───── EXTRACTED ENTRIES

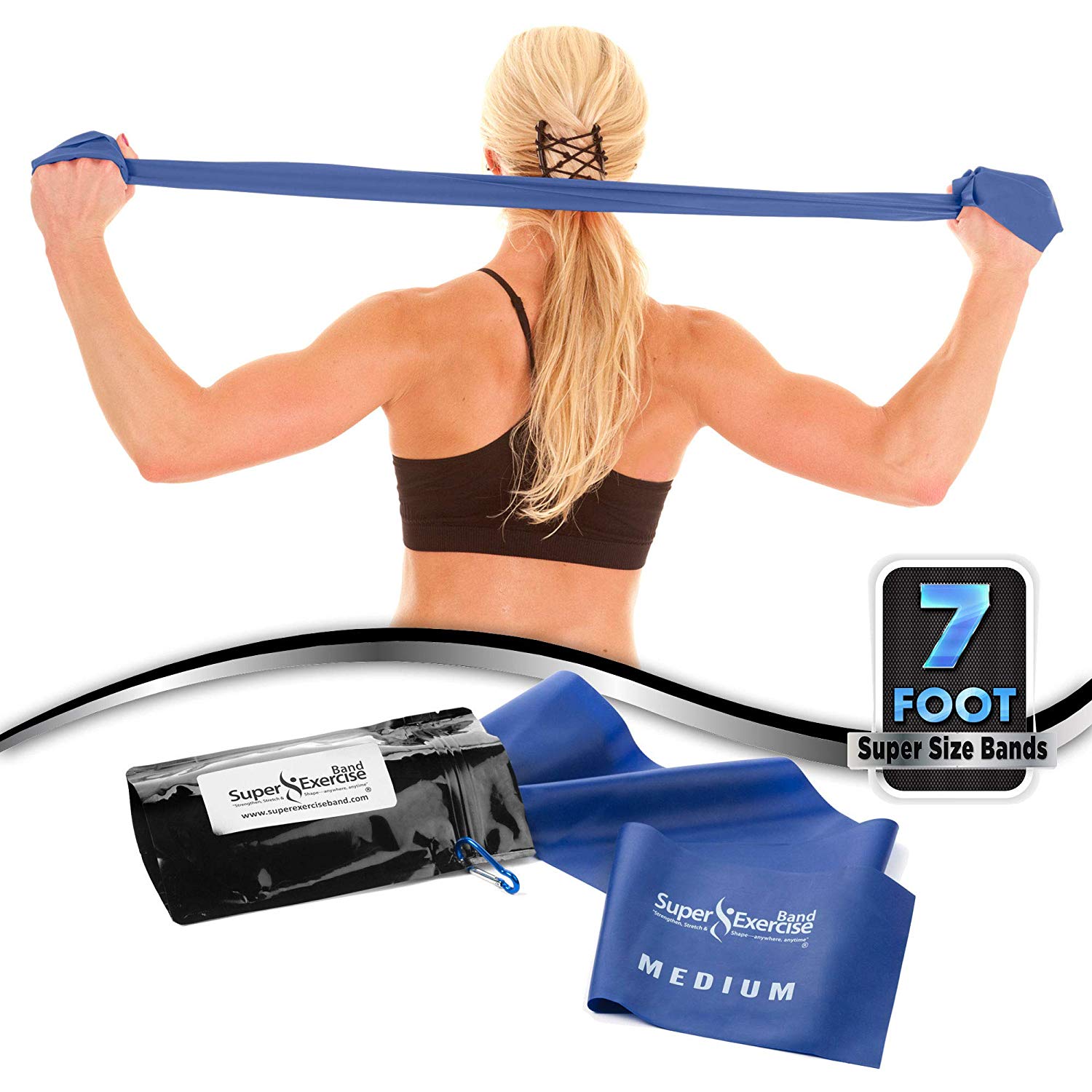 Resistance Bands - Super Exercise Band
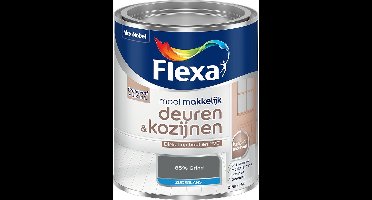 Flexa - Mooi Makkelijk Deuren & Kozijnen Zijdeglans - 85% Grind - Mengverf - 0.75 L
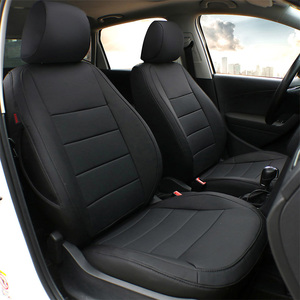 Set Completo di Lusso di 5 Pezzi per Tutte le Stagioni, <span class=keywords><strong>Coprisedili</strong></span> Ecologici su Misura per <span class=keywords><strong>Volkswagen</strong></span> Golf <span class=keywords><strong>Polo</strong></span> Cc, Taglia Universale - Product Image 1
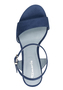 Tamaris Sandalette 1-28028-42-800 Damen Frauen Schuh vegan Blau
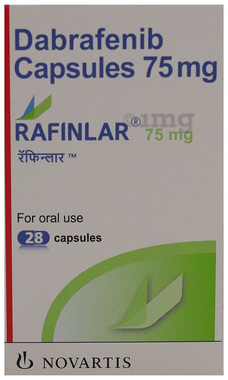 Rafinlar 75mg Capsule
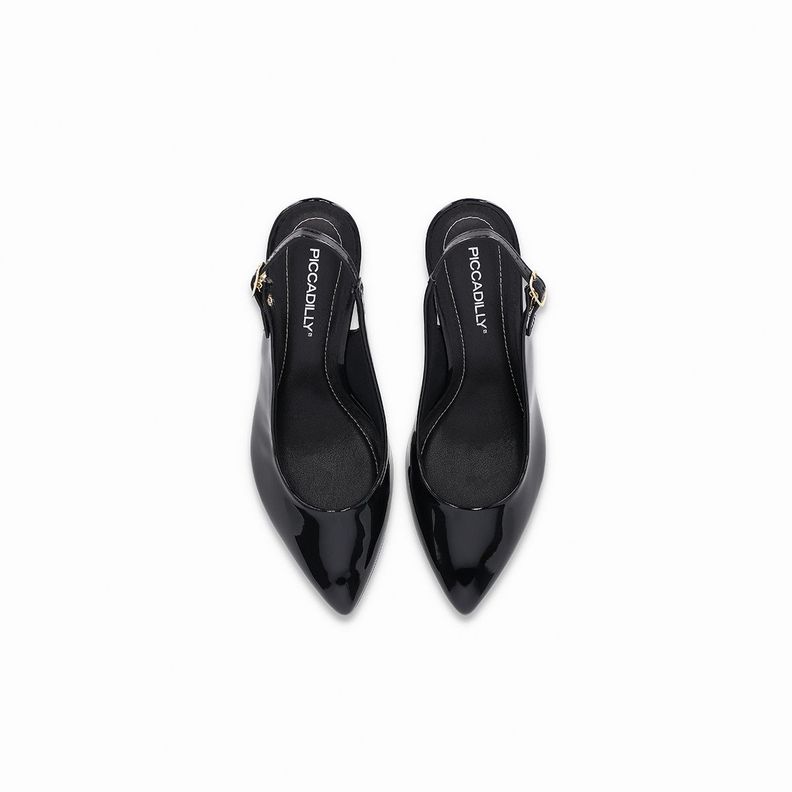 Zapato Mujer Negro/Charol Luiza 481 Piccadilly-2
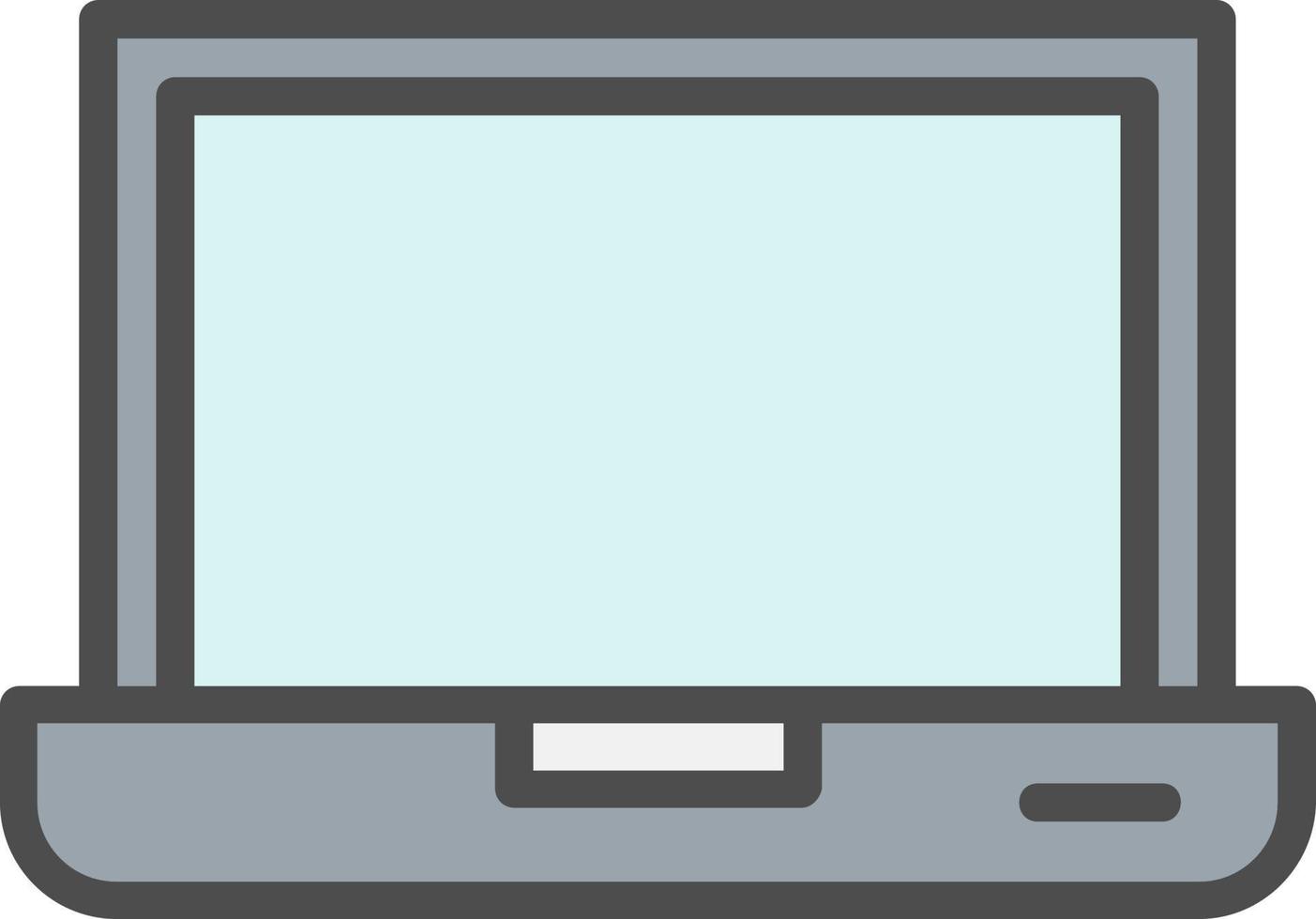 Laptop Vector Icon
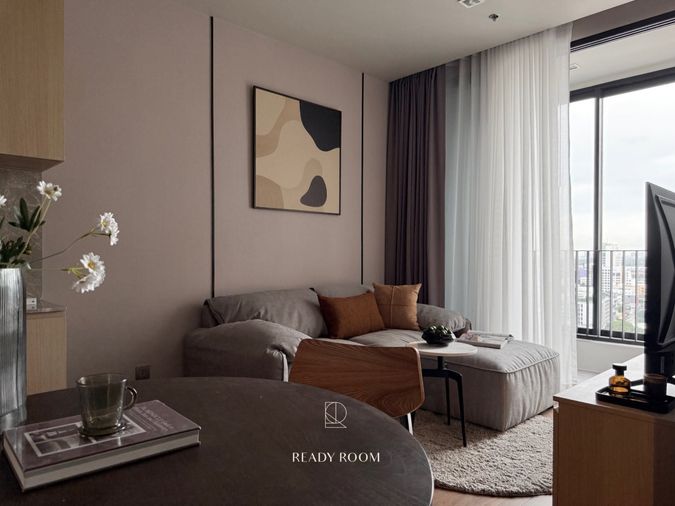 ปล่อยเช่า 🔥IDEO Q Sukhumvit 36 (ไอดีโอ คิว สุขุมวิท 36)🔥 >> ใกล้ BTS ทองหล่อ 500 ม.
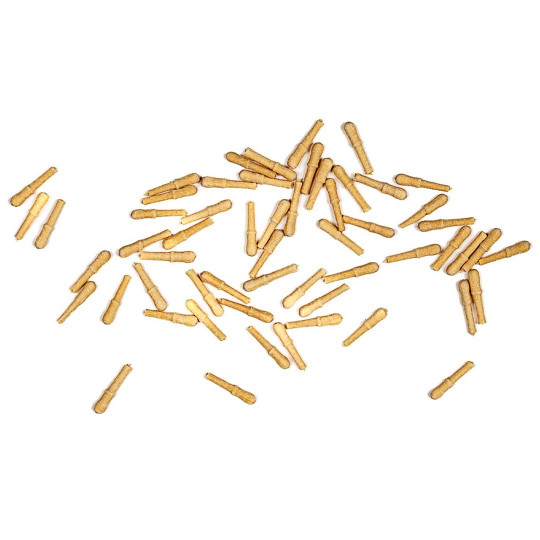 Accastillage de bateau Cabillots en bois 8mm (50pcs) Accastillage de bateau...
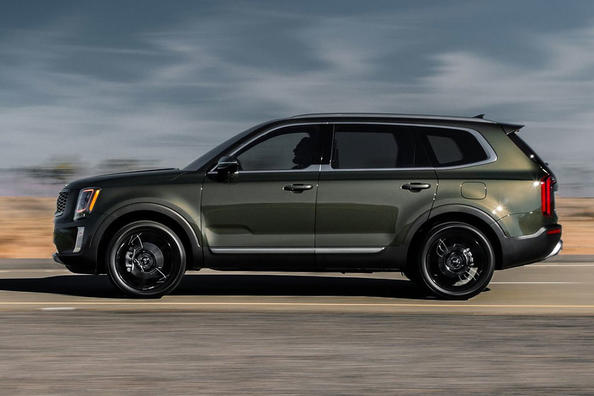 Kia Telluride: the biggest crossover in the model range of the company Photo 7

──────────

#### WORK TASK
Reproduce exactly the lines above from the one with "Zapato Mujer Negro/Charol" through the last line of the data, keeping both ends and dropping the pictures.

#### RESPONSE AREA
 Zapato Mujer Negro/Charol Luiza 481 Piccadilly-2
 Laptop Vector Icon
 ปล่อยเช่า 🔥IDEO Q Sukhumvit 36 (ไอดีโอ คิว สุขุมวิท 36)🔥 >> ใกล้ BTS ทองหล่อ 500 ม.
 Accastillage de bateau Cabillots en bois 8mm (50pcs) Accastillage de bateau...
 Kia Telluride: the biggest crossover in the model range of the company Photo 7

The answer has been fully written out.